## WORK INSTRUCTION
Give again, exactly as written, each line of the material below starting at the line that contains "2014-15 Napoli Macron" and ending at the line that contains "Track Spikes 11mm". Both ends count, and no other line does.

Start of GIVEN DATA

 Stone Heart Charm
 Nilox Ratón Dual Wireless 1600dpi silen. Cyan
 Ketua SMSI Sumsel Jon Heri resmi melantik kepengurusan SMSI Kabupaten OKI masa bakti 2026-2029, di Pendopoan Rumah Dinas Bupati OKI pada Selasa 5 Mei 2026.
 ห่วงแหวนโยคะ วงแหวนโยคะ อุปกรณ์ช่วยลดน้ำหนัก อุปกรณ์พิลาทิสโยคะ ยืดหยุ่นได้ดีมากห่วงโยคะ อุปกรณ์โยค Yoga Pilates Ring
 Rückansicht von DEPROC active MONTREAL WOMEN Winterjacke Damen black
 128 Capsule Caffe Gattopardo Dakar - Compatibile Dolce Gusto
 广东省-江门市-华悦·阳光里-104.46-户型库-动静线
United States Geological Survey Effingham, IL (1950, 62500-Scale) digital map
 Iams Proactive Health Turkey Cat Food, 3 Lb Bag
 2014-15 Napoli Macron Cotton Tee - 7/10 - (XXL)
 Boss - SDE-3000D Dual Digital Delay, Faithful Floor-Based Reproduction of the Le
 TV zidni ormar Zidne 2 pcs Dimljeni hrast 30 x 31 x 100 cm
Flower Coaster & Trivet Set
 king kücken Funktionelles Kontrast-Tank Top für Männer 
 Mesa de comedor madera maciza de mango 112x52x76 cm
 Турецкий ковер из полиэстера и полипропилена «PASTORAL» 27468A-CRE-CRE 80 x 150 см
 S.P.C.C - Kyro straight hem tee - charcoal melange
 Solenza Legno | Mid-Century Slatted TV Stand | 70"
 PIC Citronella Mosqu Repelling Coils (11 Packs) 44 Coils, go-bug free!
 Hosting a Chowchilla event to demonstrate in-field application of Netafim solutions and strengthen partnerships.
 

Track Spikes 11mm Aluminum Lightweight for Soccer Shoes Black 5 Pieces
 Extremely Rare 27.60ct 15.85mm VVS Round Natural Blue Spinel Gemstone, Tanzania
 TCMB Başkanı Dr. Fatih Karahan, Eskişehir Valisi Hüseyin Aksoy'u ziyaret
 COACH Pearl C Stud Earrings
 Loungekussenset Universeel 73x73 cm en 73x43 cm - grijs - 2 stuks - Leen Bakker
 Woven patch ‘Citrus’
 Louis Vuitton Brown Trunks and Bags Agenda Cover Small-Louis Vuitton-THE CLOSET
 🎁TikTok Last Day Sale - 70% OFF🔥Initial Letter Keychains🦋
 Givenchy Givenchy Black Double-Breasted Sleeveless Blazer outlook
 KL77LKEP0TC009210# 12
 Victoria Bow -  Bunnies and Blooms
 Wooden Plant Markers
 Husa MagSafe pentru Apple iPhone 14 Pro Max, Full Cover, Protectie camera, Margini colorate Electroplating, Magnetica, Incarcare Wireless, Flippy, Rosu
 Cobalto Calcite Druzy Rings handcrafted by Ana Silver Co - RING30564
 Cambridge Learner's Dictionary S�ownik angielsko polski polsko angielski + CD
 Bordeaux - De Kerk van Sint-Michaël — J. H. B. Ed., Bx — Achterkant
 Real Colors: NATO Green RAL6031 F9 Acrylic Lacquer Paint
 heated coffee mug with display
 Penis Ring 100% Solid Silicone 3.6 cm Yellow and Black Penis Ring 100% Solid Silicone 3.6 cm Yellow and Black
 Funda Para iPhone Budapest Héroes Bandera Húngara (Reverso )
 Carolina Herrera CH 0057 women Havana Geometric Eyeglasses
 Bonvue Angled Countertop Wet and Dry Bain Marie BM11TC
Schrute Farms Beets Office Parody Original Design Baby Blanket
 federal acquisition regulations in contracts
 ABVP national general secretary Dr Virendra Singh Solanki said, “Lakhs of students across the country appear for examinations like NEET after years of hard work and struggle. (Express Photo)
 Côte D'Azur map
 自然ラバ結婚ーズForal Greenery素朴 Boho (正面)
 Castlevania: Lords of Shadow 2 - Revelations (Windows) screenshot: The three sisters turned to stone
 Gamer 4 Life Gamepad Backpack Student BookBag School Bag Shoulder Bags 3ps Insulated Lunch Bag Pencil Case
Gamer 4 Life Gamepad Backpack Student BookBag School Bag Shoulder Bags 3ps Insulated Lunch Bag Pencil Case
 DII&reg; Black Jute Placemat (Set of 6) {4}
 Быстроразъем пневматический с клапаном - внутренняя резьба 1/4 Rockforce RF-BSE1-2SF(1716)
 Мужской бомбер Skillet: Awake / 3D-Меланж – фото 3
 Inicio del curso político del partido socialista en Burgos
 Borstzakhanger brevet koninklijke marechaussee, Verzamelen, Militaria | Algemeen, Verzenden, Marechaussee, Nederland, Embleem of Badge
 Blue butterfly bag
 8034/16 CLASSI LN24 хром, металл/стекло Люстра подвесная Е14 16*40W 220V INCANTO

End of GIVEN DATA

## SOLVED EXERCISE
 2014-15 Napoli Macron Cotton Tee - 7/10 - (XXL)
 Boss - SDE-3000D Dual Digital Delay, Faithful Floor-Based Reproduction of the Le
 TV zidni ormar Zidne 2 pcs Dimljeni hrast 30 x 31 x 100 cm
Flower Coaster & Trivet Set
 king kücken Funktionelles Kontrast-Tank Top für Männer 
 Mesa de comedor madera maciza de mango 112x52x76 cm
 Турецкий ковер из полиэстера и полипропилена «PASTORAL» 27468A-CRE-CRE 80 x 150 см
 S.P.C.C - Kyro straight hem tee - charcoal melange
 Solenza Legno | Mid-Century Slatted TV Stand | 70"
 PIC Citronella Mosqu Repelling Coils (11 Packs) 44 Coils, go-bug free!
 Hosting a Chowchilla event to demonstrate in-field application of Netafim solutions and strengthen partnerships.
 

Track Spikes 11mm Aluminum Lightweight for Soccer Shoes Black 5 Pieces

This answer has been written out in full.